• ASSIGNMENT
From the records below, please print only the lines from the one containing "Maison de conte" through the one containing "Elegant Glitter monogrammed", both included. Skip the pictures.

• STORED DATA

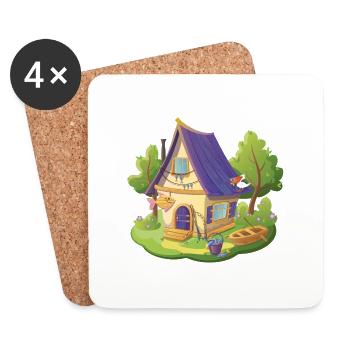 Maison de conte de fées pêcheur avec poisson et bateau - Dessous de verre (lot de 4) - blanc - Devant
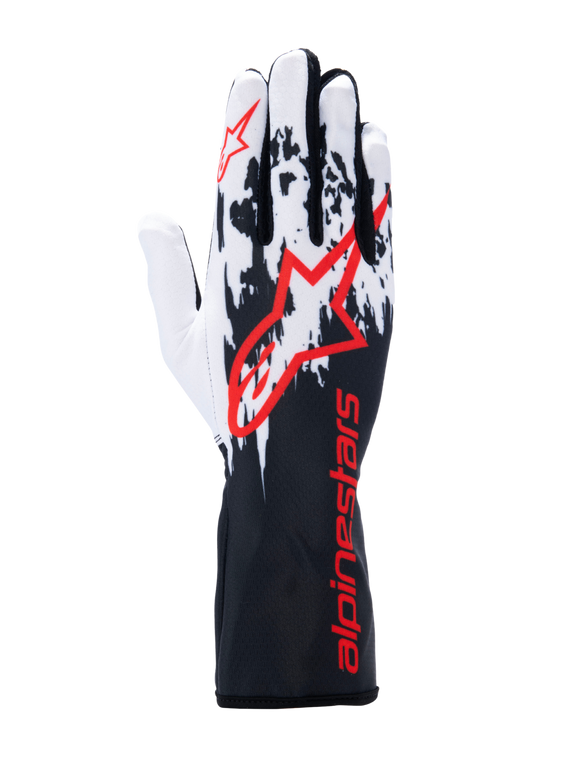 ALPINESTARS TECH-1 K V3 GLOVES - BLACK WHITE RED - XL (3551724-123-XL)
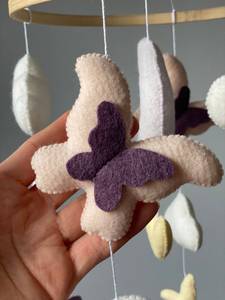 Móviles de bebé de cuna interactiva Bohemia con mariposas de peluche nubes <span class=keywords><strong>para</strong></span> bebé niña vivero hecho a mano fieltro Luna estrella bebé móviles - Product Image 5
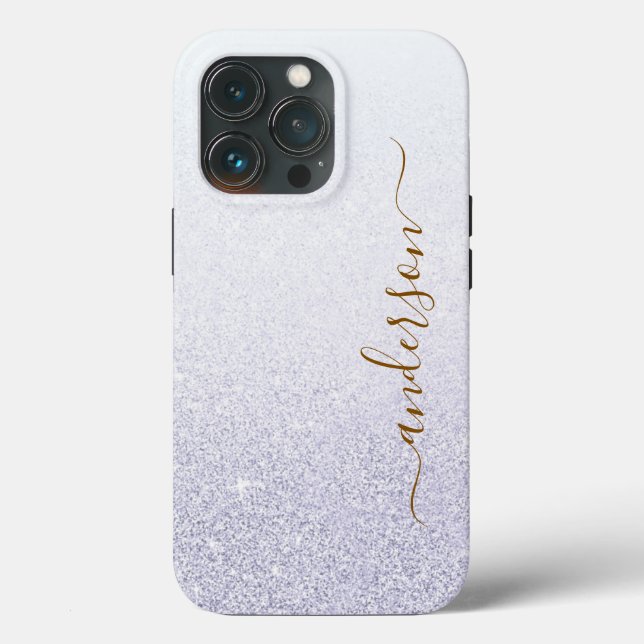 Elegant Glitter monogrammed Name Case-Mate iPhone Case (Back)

---

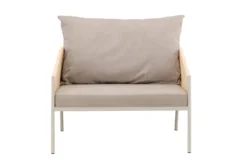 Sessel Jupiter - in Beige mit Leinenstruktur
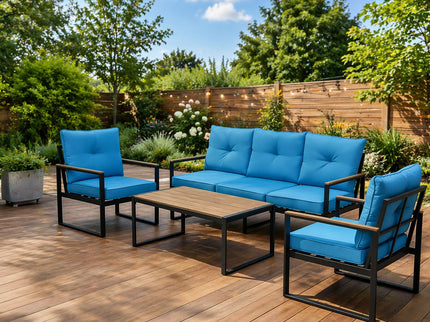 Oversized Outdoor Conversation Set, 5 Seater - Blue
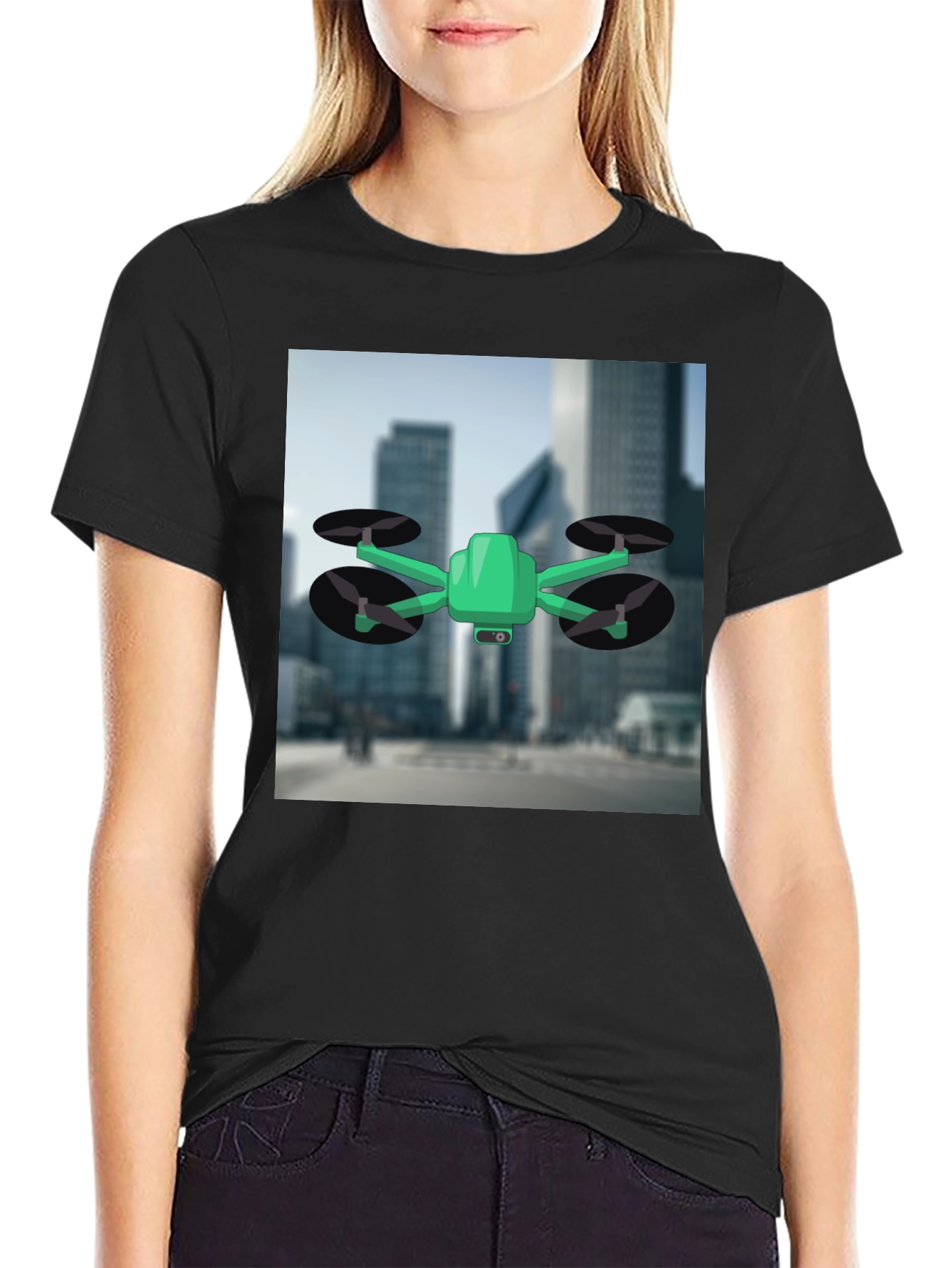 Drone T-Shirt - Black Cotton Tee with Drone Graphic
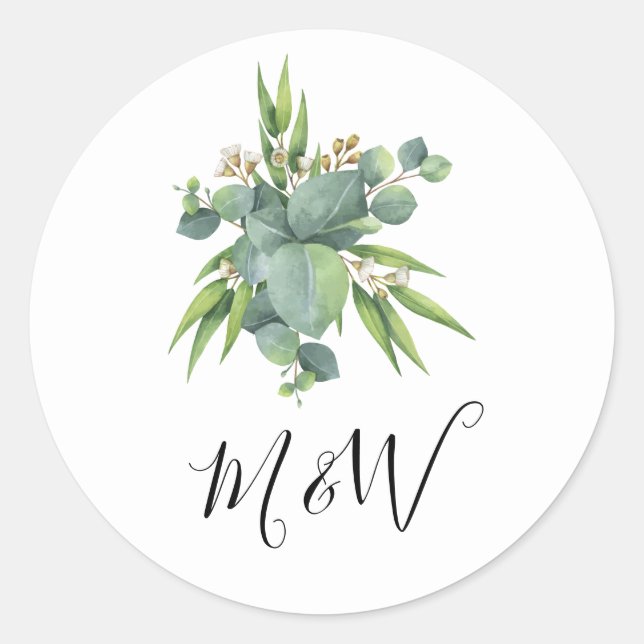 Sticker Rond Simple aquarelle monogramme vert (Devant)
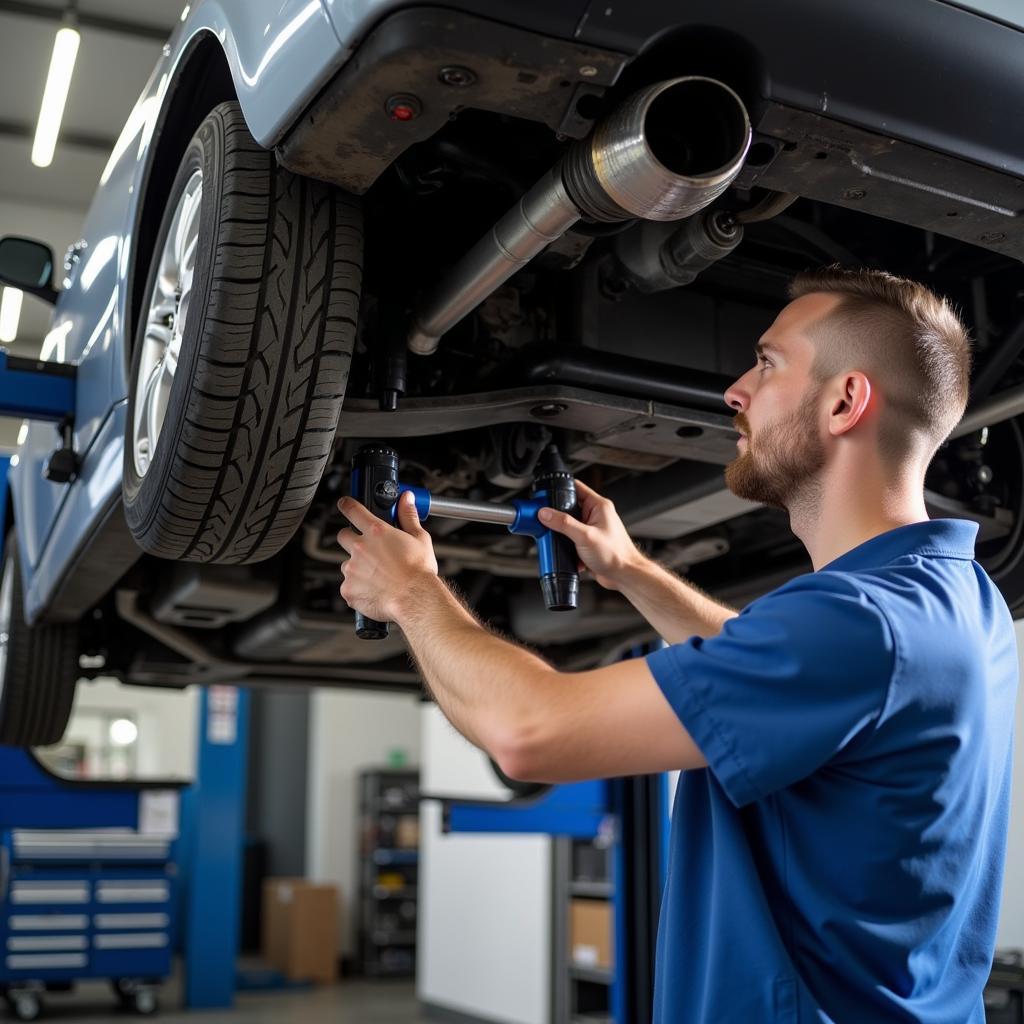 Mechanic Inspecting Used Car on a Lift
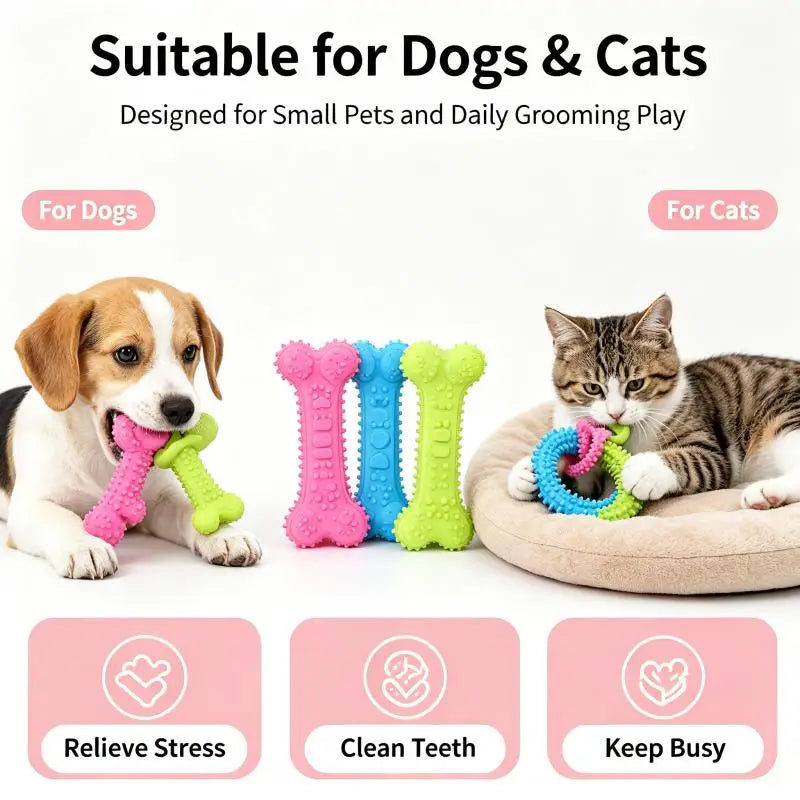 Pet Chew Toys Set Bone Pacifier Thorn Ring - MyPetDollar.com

• TASK SOLUTION
 Maison de conte de fées pêcheur avec poisson et bateau - Dessous de verre (lot de 4) - blanc - Devant
 ALPINESTARS TECH-1 K V3 GLOVES - BLACK WHITE RED - XL (3551724-123-XL)
 Móviles de bebé de cuna interactiva Bohemia con mariposas de peluche nubes <span class=keywords><strong>para</strong></span> bebé niña vivero hecho a mano fieltro Luna estrella bebé móviles - Product Image 5
 Elegant Glitter monogrammed Name Case-Mate iPhone Case (Back)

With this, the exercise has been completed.